Neuer Blickfang am KlosterStadtleben

Am 23. Juni hat Bürgermeister Klaus Draeger in Zarrentin am Schaalsee eine neue Sehenswürdigkeit offiziell eingeweiht. Ein rund fünf Meter hoher, kunstvoll gestalteter Holzstamm vor dem Nordgiebel des Klosters zieht nun die Blicke auf sich.

Der Stamm ist das Ergebnis von rund 30 Stunden aufwendiger Handarbeit. Monty Schlutt, Mitarbeiter des Amtsbauhofes, hat das Werk geschaffen. Er entdeckte vor fünf Jahren seine Leidenschaft für das Schnitzen von Holzskulpturen mit speziellen Motorsägen und hat diese Fähigkeit seitdem stetig weiterentwickelt. Die Kosten für das Projekt wurden von der Stadt übernommen, wie Bürgermeister Draeger betonte.
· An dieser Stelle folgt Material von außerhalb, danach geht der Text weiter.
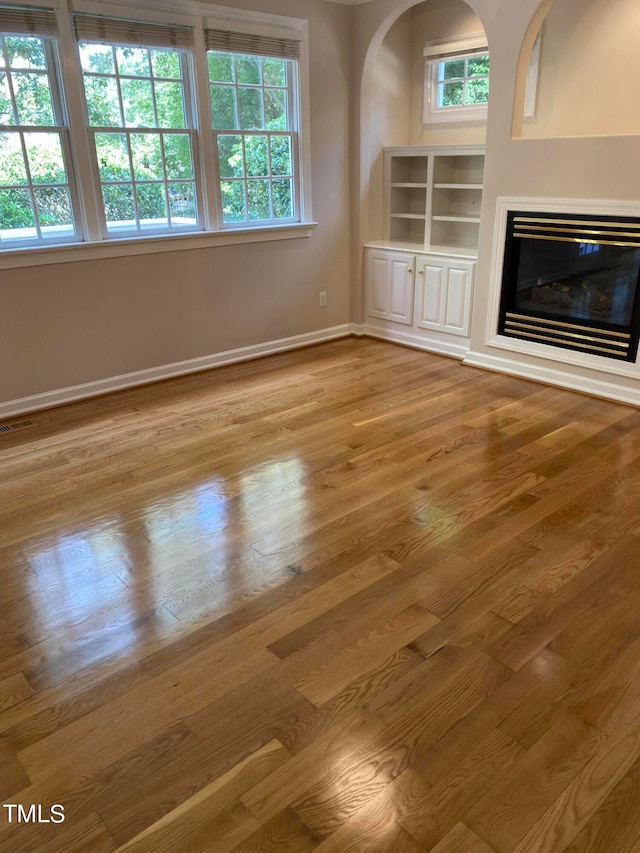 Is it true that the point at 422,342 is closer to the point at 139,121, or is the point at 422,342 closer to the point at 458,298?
the point at 458,298

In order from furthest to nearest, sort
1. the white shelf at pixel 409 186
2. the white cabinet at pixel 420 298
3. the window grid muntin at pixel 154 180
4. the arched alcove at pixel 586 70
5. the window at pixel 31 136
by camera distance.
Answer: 1. the white shelf at pixel 409 186
2. the white cabinet at pixel 420 298
3. the arched alcove at pixel 586 70
4. the window grid muntin at pixel 154 180
5. the window at pixel 31 136

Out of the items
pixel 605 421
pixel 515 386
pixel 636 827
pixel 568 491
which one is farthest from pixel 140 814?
pixel 515 386

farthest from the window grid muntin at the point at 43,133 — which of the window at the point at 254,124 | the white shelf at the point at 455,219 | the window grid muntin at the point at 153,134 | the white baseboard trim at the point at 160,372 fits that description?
the white shelf at the point at 455,219

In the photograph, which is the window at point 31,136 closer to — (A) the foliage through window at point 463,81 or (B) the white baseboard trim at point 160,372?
(B) the white baseboard trim at point 160,372

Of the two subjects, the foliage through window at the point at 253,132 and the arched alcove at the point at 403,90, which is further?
the arched alcove at the point at 403,90

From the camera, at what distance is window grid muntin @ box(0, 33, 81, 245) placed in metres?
3.69

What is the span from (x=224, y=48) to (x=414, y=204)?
2155 millimetres

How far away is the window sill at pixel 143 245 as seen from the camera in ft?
12.8

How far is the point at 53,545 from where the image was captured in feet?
8.87

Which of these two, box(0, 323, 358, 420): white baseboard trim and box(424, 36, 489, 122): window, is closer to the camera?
box(0, 323, 358, 420): white baseboard trim

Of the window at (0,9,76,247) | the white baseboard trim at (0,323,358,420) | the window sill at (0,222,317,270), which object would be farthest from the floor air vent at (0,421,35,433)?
the window at (0,9,76,247)

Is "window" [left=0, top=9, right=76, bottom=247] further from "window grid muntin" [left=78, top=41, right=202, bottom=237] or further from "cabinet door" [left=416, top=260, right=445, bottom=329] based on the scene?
"cabinet door" [left=416, top=260, right=445, bottom=329]

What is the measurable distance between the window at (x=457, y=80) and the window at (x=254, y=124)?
1313 mm

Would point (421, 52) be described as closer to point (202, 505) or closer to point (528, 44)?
point (528, 44) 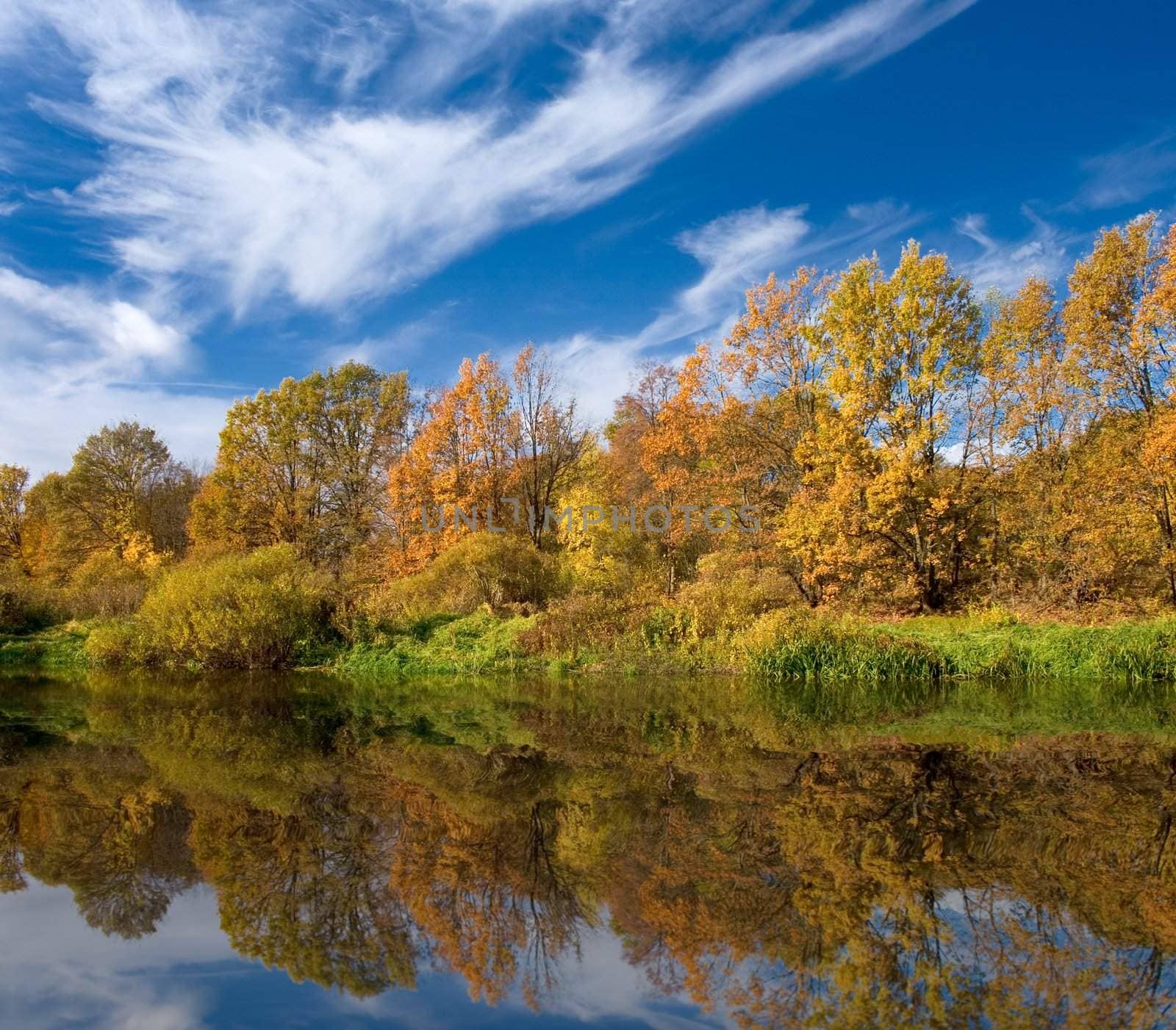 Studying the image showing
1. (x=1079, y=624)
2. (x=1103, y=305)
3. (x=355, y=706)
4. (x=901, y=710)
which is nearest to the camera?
(x=901, y=710)

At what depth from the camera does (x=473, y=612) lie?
21469 millimetres

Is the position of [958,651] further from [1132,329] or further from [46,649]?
[46,649]

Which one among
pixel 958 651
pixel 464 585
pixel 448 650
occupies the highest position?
pixel 464 585

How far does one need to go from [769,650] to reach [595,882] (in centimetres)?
1252

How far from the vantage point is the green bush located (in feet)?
63.3

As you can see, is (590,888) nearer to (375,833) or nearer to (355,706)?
(375,833)

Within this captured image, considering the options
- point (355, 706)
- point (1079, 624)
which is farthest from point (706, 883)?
point (1079, 624)

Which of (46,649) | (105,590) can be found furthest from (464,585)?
(105,590)

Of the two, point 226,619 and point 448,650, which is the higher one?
point 226,619

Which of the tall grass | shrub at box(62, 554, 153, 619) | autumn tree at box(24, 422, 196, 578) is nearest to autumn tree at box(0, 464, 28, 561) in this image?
→ autumn tree at box(24, 422, 196, 578)

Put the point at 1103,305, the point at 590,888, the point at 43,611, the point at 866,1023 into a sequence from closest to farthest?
the point at 866,1023 → the point at 590,888 → the point at 1103,305 → the point at 43,611

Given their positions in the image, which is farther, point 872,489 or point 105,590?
point 105,590

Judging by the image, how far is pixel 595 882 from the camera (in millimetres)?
5625

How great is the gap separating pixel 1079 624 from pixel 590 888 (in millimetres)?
16345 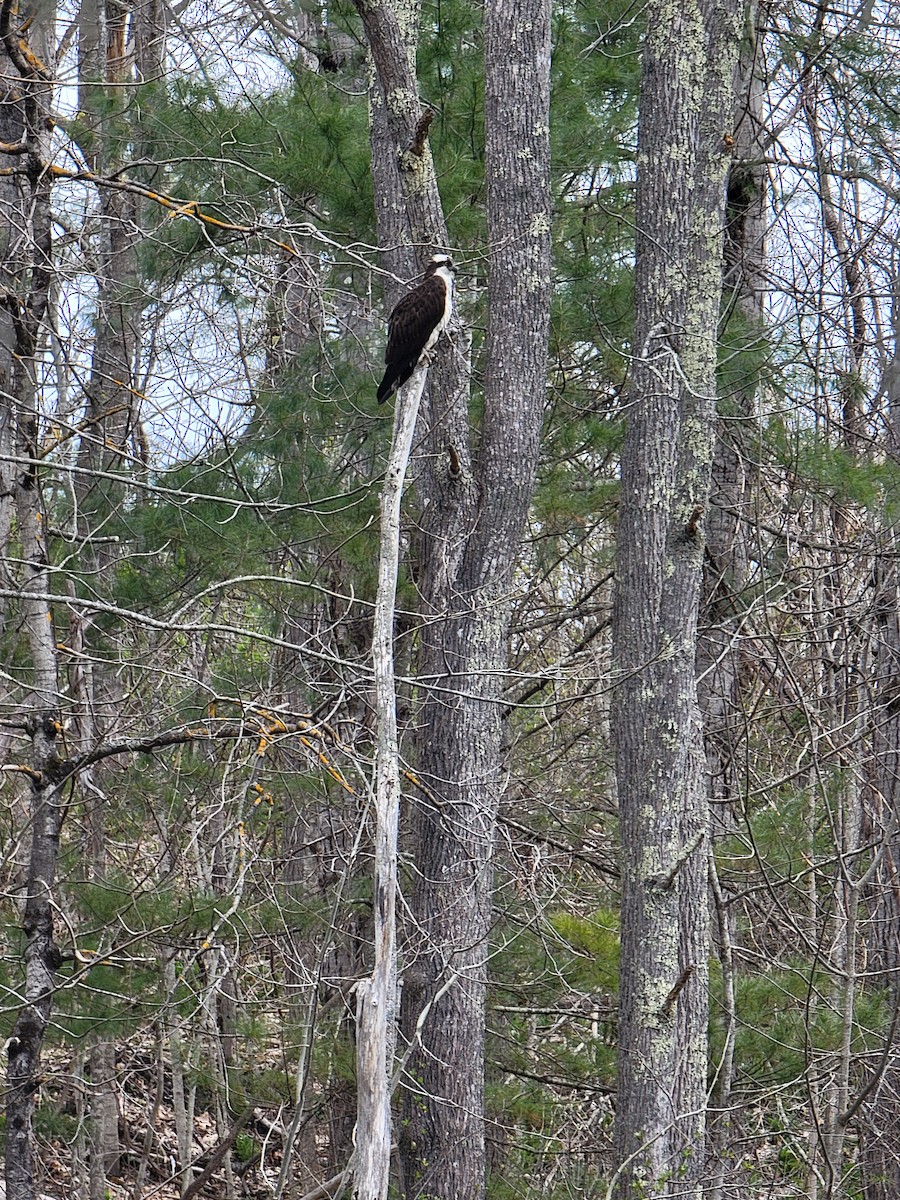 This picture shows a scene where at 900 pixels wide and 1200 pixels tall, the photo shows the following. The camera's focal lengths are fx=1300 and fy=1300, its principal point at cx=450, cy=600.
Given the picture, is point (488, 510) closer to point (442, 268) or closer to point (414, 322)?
point (414, 322)

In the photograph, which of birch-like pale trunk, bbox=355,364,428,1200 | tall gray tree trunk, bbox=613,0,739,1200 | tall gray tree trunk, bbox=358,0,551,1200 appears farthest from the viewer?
tall gray tree trunk, bbox=613,0,739,1200

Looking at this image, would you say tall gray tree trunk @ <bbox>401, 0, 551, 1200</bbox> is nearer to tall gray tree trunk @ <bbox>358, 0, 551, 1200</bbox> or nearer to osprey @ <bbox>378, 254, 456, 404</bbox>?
tall gray tree trunk @ <bbox>358, 0, 551, 1200</bbox>

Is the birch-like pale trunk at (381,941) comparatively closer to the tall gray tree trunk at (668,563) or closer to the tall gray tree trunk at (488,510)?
the tall gray tree trunk at (488,510)

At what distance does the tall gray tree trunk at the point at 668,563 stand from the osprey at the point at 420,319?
1043 mm

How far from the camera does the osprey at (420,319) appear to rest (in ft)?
17.6

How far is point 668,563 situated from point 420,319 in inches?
68.5

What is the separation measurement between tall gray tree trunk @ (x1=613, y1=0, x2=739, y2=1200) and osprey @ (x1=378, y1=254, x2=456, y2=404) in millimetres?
1043

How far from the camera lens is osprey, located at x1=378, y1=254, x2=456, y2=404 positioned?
5.37m

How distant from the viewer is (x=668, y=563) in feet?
→ 20.4

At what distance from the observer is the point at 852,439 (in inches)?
304

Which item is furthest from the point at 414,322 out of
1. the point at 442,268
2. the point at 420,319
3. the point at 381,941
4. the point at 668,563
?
the point at 381,941

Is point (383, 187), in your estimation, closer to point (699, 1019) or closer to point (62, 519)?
point (62, 519)

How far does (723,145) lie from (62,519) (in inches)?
148

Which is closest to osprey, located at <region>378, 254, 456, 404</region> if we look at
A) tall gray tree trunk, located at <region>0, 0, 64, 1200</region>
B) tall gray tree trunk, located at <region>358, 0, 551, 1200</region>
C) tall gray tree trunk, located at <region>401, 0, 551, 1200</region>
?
tall gray tree trunk, located at <region>358, 0, 551, 1200</region> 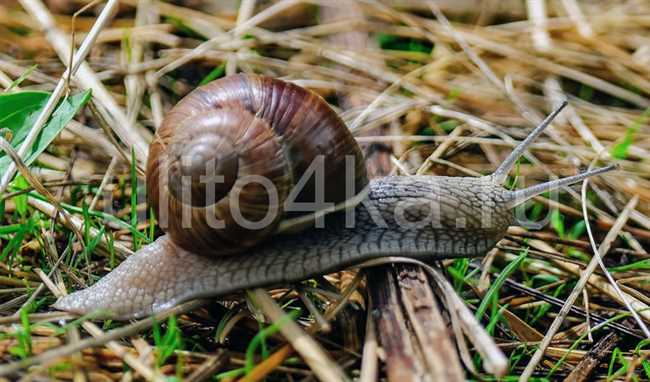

Ausgangspunkt für die Idee war eine sogenannte Küstentanne, die über viele Jahre an diesem Standort gestanden hatte und schließlich aus Sicherheitsgründen entfernt werden musste. Bauhofleiter Torsten Engel hatte die Idee, den Stamm nicht vollständig abzutragen. So blieb ein etwa fünf Meter hoher Stumpf erhalten – und damit die Grundlage für die heutige Skulptur.

Die Stadtvertretung stimmte der künstlerischen Gestaltung des Stammes zu. Ursprünglich war eine Darstellung einer Nonne vorgesehen, passend zur unmittelbaren Nähe des Klosters und zur Sage, mit der die Maräne in den Schaalsee kam. Da die Stärke des Künstlers jedoch in der Gestaltung von Tieren liegt, überzeugte schließlich sein Entwurf.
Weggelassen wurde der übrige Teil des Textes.